Sarada was left with a zipped mouth, she could only shook her head facing down. She don't know what to think or even feel? Should she be guilty? Or perhaps sad? Or should she felt dismay towards her acts?

"I..." the first word that came after a few second of silence. Kagura was delighted for her to say anything but he expected the worst

"I... I literally don't know... I don't know if I ever even given you a chance or I somehow did... to think it through, I deceived myself to be happy on the part where sadness took place in my heart... I didn't intensionally used you to distract myself, and I didn't even bother to think that because I don't want people to get involve in my matters..." she finally lift her head up to closely see his face.

Kagura was looking at her with the same expression as thou he was expecting it from the moment he ask her 'why?'

"... fortunately, you were there to comfort me, and I ran to you because you were the one who genuinely let me be me infront of you... I am sorry for hurting you, I literally am... its not just the pain, its from the person who gave it... I truely understand that you're hurt and frustrated, and disappointed, and-and-and-"

"Please," this made Sarada look at him with concern "like I said before; I don't want you to feel guilty about it... I was the one hoping, you don't need to blame yourself... I was clearly the one who presume and fantasize something that wouldn't exist... Sarada-chan, be free from self criticize cause no one blame you just because I like you... if you still feel a slight guilty then don't be. One of the most courageous decision you’ll ever make is to finally let go of what is hurting your heart and soul... and I'm glad that I was your comfortness in times of your unlitted days. I just... didn't actually thought that... you would find happiness to someone who isn't me. I admitted I don't like it, but what could I do?! I could just simply look at you from afar contentedly while I was left alone with a bittersweet smile."

Sarada couldn't say anything to explain herself, Kagura took most of the thought she would've answer him.

Kagura stared at her with whole sadness gleaming at his face. His eyes began to water a little but he would refuse to let it fall. You can't say a man can't cry, they will if theu were hurt too much that you cannot imagine how deep the wound that you've cause them.

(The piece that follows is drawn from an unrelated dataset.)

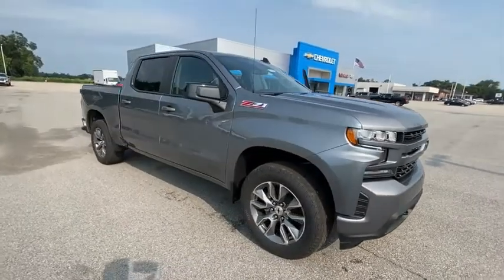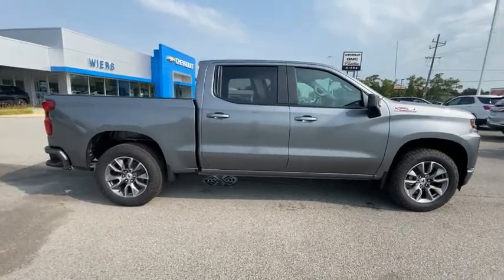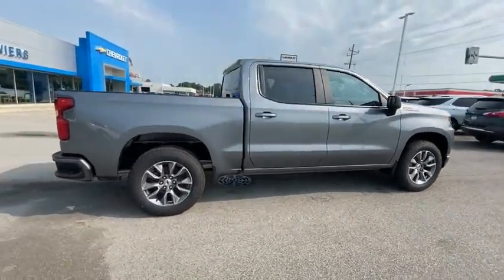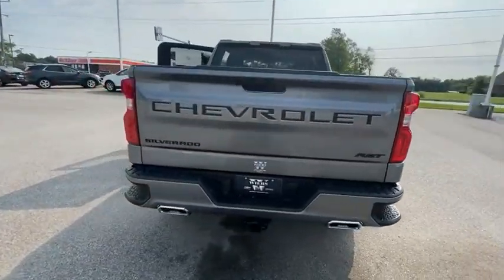Stop by and take a look at the 2021 Silverado 1500. The Chevy Silverado 1500 has the lowest cost of ownership of any full-size pickup. Here are some of this vehicle's great options.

"I'm sorry..." she whispered

"I told you-"

"I'm sorry," she repeated "I didn't know what to do but Kagura-san... I don't want to cause you agony because I couldn't give back the affection you felt for me... I loved Boruto and that's all I could ever do, I can only love one person and that is Boruto."

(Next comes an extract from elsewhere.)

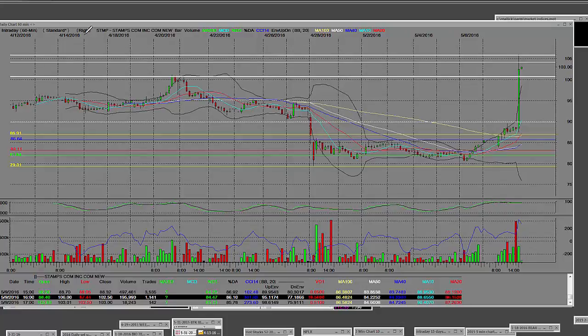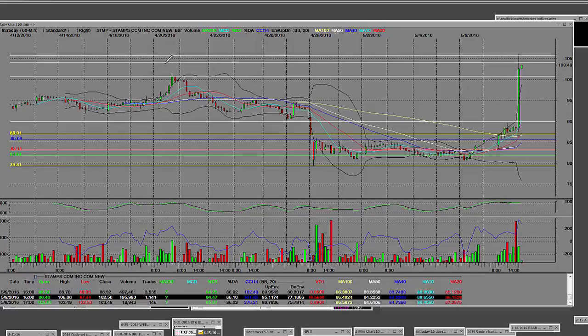Here we have an after-hours STMP Stamps.com — we broke straight up here, we took out previous resistance levels. This is on a 60-minute chart. The $85 call options are going to pay bigger than big. On the 60-minute chart, over here on 4/20 we came down here, there was that high, and we came down here, and we can see this wonderful move that has happened today.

"I see... sometimes we imagine things that beyond our own, in the end it turn out to be something you can't tell whether it's right or wrong... Sarada-chan, although I admitted that I was hurt. All I wish now is your endless happiness..."

Remember this, if I can't be your guardian in the light, I would be your angel in disguise and only live upon your shadow as your knight...

Even how tearful the word he let out, she manage to smile at him, a sad and relief smile.

"Kagura-san... thank you."

He wanted sulk so badly now, but he can't hide for now. She was with him but she belonged to someone else. He should be happy to let his first love go, at least he tried any means to ask her but her heart insisted on another.

"Sarada-chan," he look up brightly to her while she return with a pitiful gaze.

He wasn't sure to ask her this but he needed to, just incase...

"If you ever change your mind. Please, I'm still your option."